There's a good, succinct summary on Wiki showing the historical parallels...

The Barbary pirates, Barbary corsairs, or Ottoman corsairs were mainly Muslim pirates and privateers who operated from the Barbary states. This area was known in Europe as the Barbary Coast, in reference to the Berbers. The main purpose of their attacks was to capture slaves for the Barbary slave trade. Slaves in Barbary could be of many ethnicities, and of many different religions, such as Christian, Jewish, or Muslim. Their predation extended throughout the Mediterranean, south along West Africa's Atlantic seaboard and into the North Atlantic as far north as Iceland, but they primarily operated in the western Mediterranean. In addition to seizing merchant ships, they engaged in razzias, raids on European coastal towns and villages, mainly in Italy, France, Spain, and Portugal, but also in the British Isles, the Netherlands, and Iceland.

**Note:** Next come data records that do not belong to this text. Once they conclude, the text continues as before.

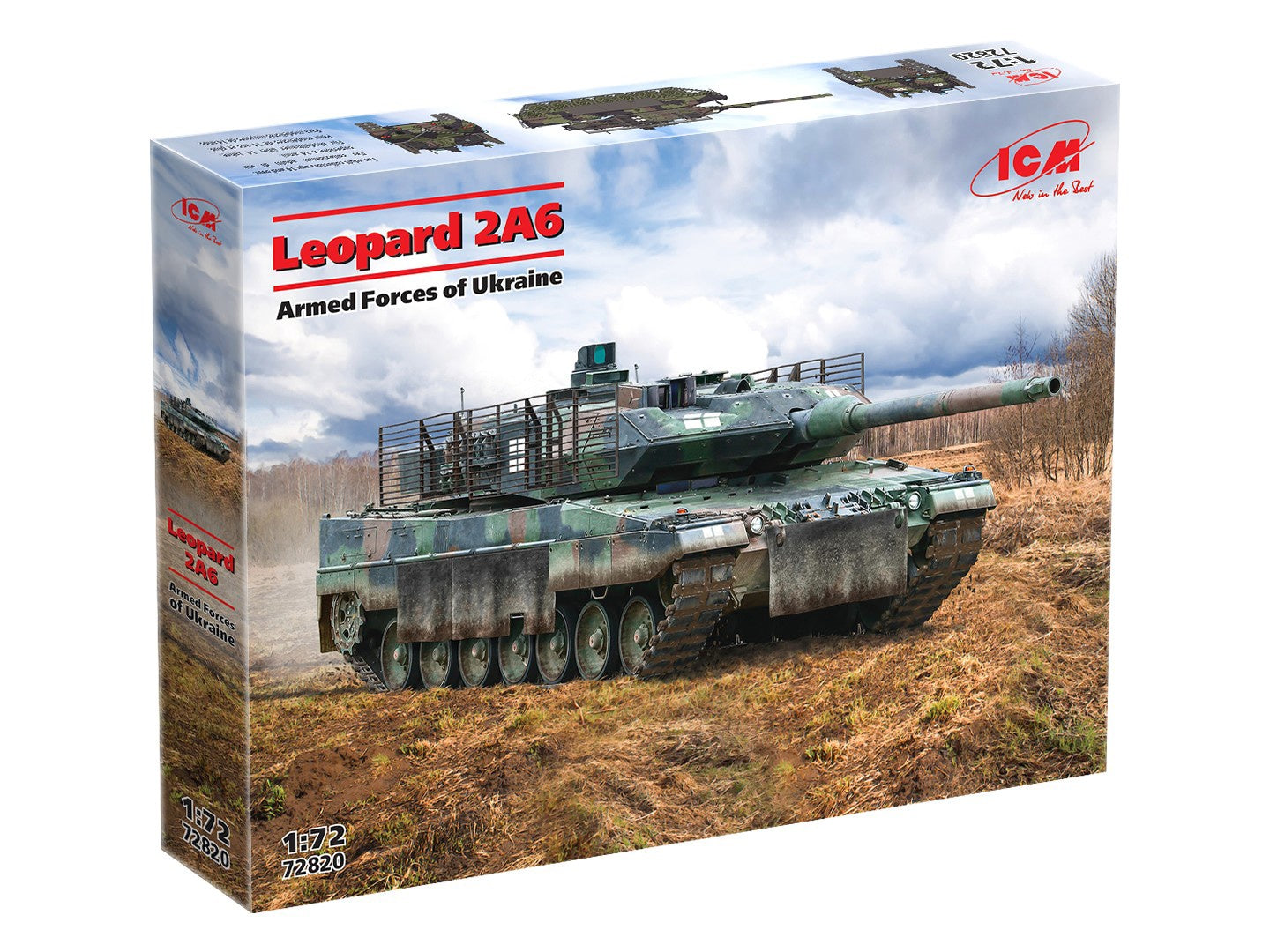1/72 ICM - Ukrainian Leopard 2A6
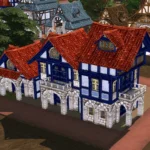 Medieval Old Town Hood Deco Houses - Theatre Set
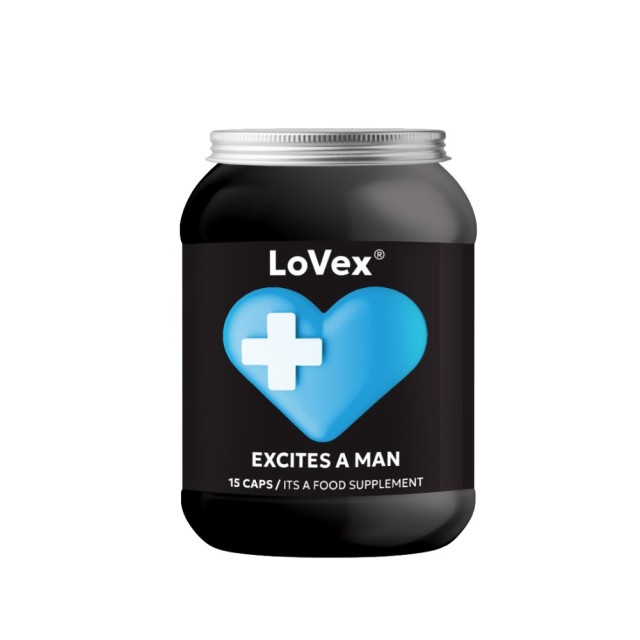Lovex Excites a Man 15caps (Συμπλήρωμα Διατροφής για Ενίσχυση Ανδρικής Επιθυμίας & Απόδοσης)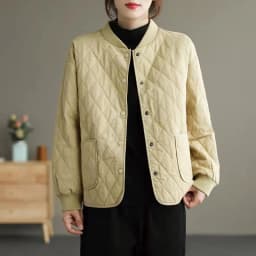 Autumn Winter Cotton Coat Women Quilted Jacket Trends Fashion Lightweight Jackets Long Sleeve Single Breasted Jacket Black New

While such raids began after the Muslim conquest of the Iberian Peninsula in the 710s, the terms "Barbary pirates" and "Barbary corsairs" are normally applied to the raiders active from the 16th century onwards, when the frequency and range of the slavers' attacks increased. In that period, Algiers, Tunis and Tripoli came under the sovereignty of the Ottoman Empire, either as directly administered provinces or as autonomous dependencies known as the Barbary states.

Barbary corsairs captured thousands of merchant ships and repeatedly raided coastal towns. As a result, residents abandoned their former villages of long stretches of coast in Spain and Italy. The raids were such a problem that coastal settlements were seldom undertaken until the 19th century.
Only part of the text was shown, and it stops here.